_Instructions for the task_
For the entries below, return the line holding "Stone Island Blue" together with all lines after it, unchanged, and leave every picture out.

Web page caption snippets
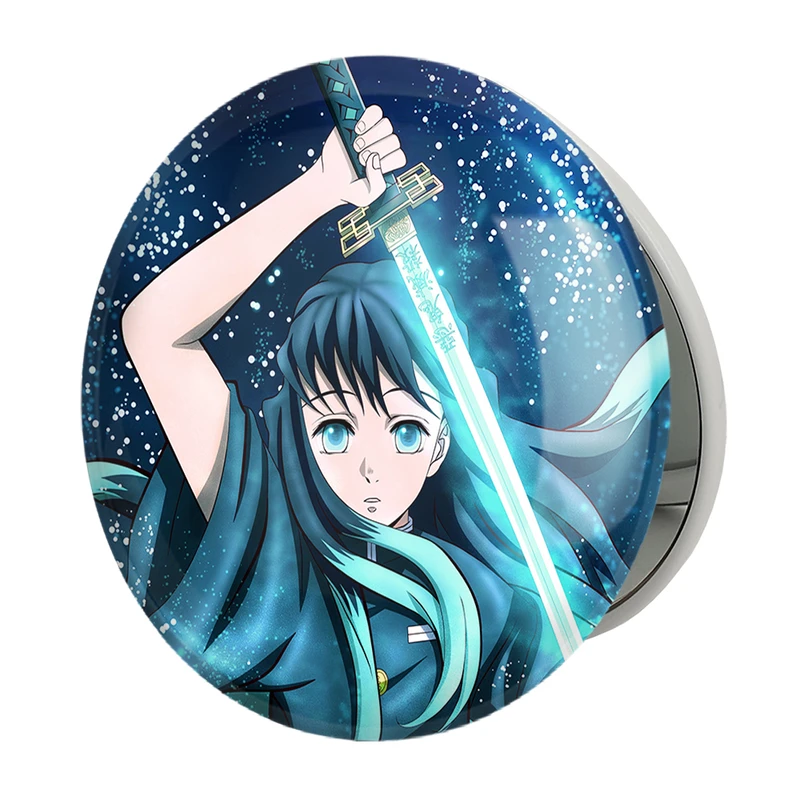 آینه جیبی خندالو طرح مویچیرو توکیتو انیمه شیطان کش مدل تاشو کد 27070 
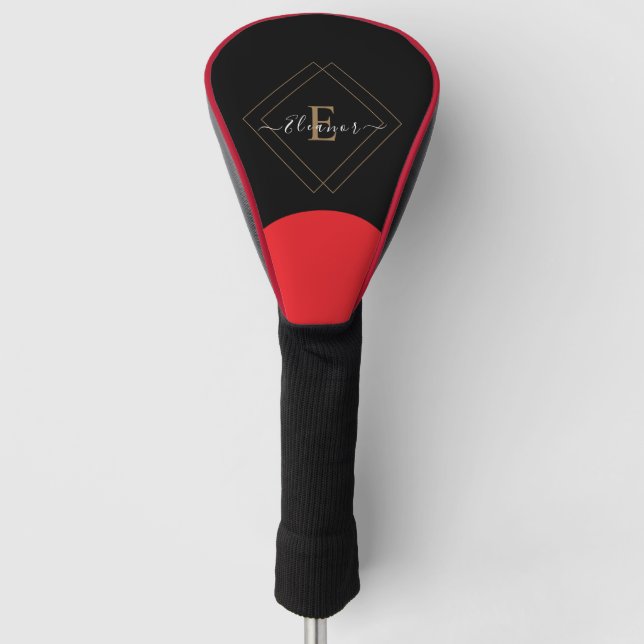 Custom Golf Head Cover with Name (Front)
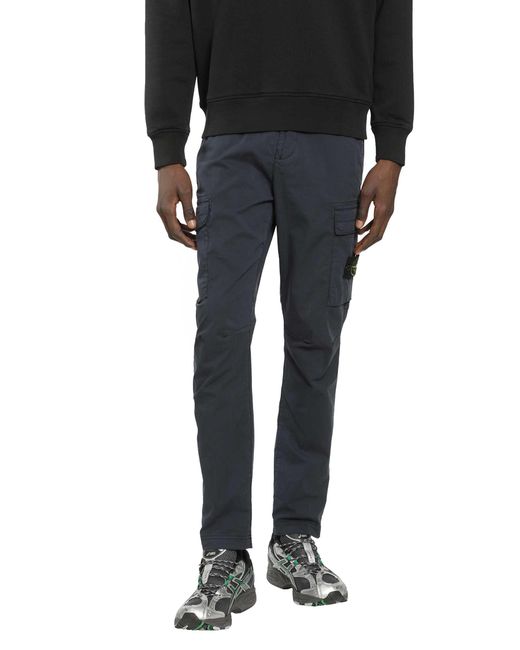 Stone Island Blue 3100032 Cargo Trousers for men
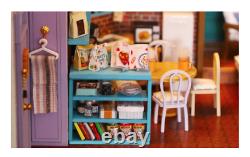 DIY Miniature Dollhouse Kit Monica's New York Apartment Friends Set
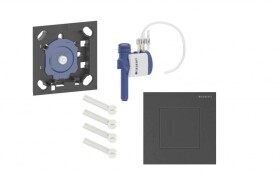 GEBERIT - Pneumatické ovládání splachování pisoáru typu 40, easy to clean, kartáčovaný černý chrom 116.217.QD.1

_Exercise solution_
 Stone Island Blue 3100032 Cargo Trousers for men
 DIY Miniature Dollhouse Kit Monica's New York Apartment Friends Set
 GEBERIT - Pneumatické ovládání splachování pisoáru typu 40, easy to clean, kartáčovaný černý chrom 116.217.QD.1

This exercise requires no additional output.